Hello, all.
I have two OpenLDAP servers in production that were running 2.4.44 . Both of these servers host 5 directories, each with their own backends. This is a bog-standard 2-node RHEL7 multi-master configuration that has worked for years. The binaries are the LTB-Project rpms.
I updated my OpenLDAP servers to 2.4.57 last week. A few minutes after the upgrade, I started to see syncrepl alerts in Nagios and I'm having a hard time convincing myself that the upgrade isn't responsible for the errors.
The problem is that I don't see any messages in the log that stand out as being errors (granted, I'm not sure what I'm looking for). In fact, the alert flaps every once in a while as the two nodes come back in sync and drift away from each other again.
Here's what the output of the syncrepl nagios plugin looks like:
2021-03-03 09:54:01: CRITICAL - directories are not in sync - 199 seconds late (W:10 - C:5) 2021-03-03 09:56:01: CRITICAL - directories are not in sync - 197 seconds late (W:10 - C:5) 2021-03-03 09:58:01: CRITICAL - directories are not in sync - 42 seconds late (W:10 - C:5) 2021-03-03 10:00:01: CRITICAL - directories are not in sync - 4200 seconds late (W:10 - C:5) 2021-03-03 10:02:01: CRITICAL - directories are not in sync - 81 seconds late (W:10 - C:5) 2021-03-03 10:04:01: CRITICAL - directories are not in sync - 201 seconds late (W:10 - C:5) 2021-03-03 10:06:01: CRITICAL - directories are not in sync - 196 seconds late (W:10 - C:5) 2021-03-03 10:08:01: CRITICAL - directories are not in sync - 42 seconds late (W:10 - C:5) 2021-03-03 10:10:01: CRITICAL - directories are not in sync - 200 seconds late (W:10 - C:5) 2021-03-03 10:12:01: CRITICAL - directories are not in sync - 81 seconds late (W:10 - C:5)
I find these values surprising considering I've never seen a syncrepl error in the 2 years before the upgrade.

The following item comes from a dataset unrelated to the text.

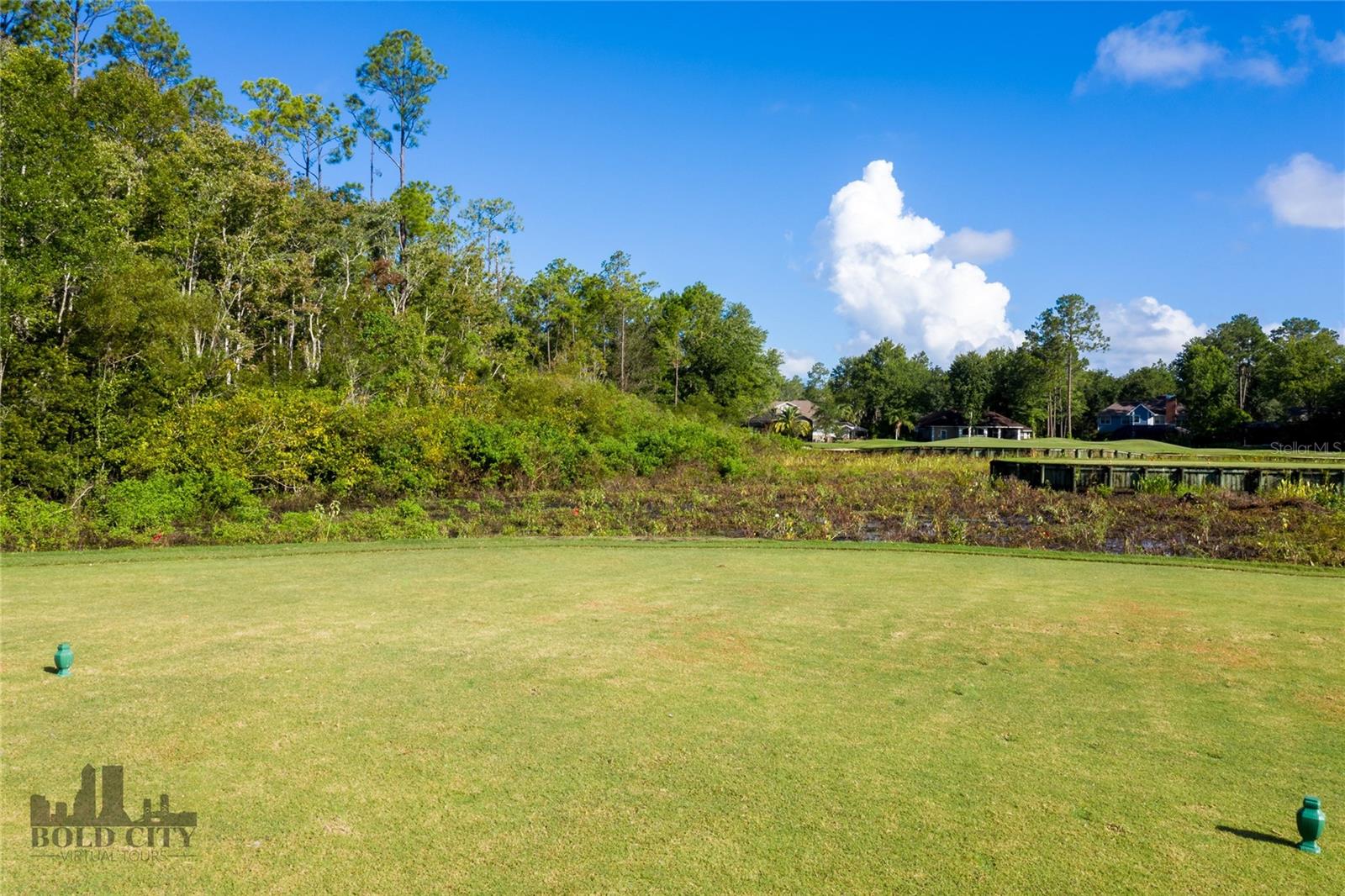 1413 Course View Property Photo 67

Is there a known issue with replication in 2.4.57 that would explain these sync differences?
Regards, Emmanuel
--On Wednesday, March 3, 2021 6:24 PM +0100 Emmanuel Seyman emmanuel@seyman.fr wrote:
The problem is that I don't see any messages in the log that stand out as being errors (granted, I'm not sure what I'm looking for). In fact, the alert flaps every once in a while as the two nodes come back in sync and drift away from each other again.
I find these values surprising considering I've never seen a syncrepl error in the 2 years before the upgrade. Is there a known issue with replication in 2.4.57 that would explain these sync differences?
The replication code in 2.4.44 was completely unreliable and could report being in sync regardless of whether or not that was true. It's also unknown to me if the nagios plugin is accurate for the current codebase.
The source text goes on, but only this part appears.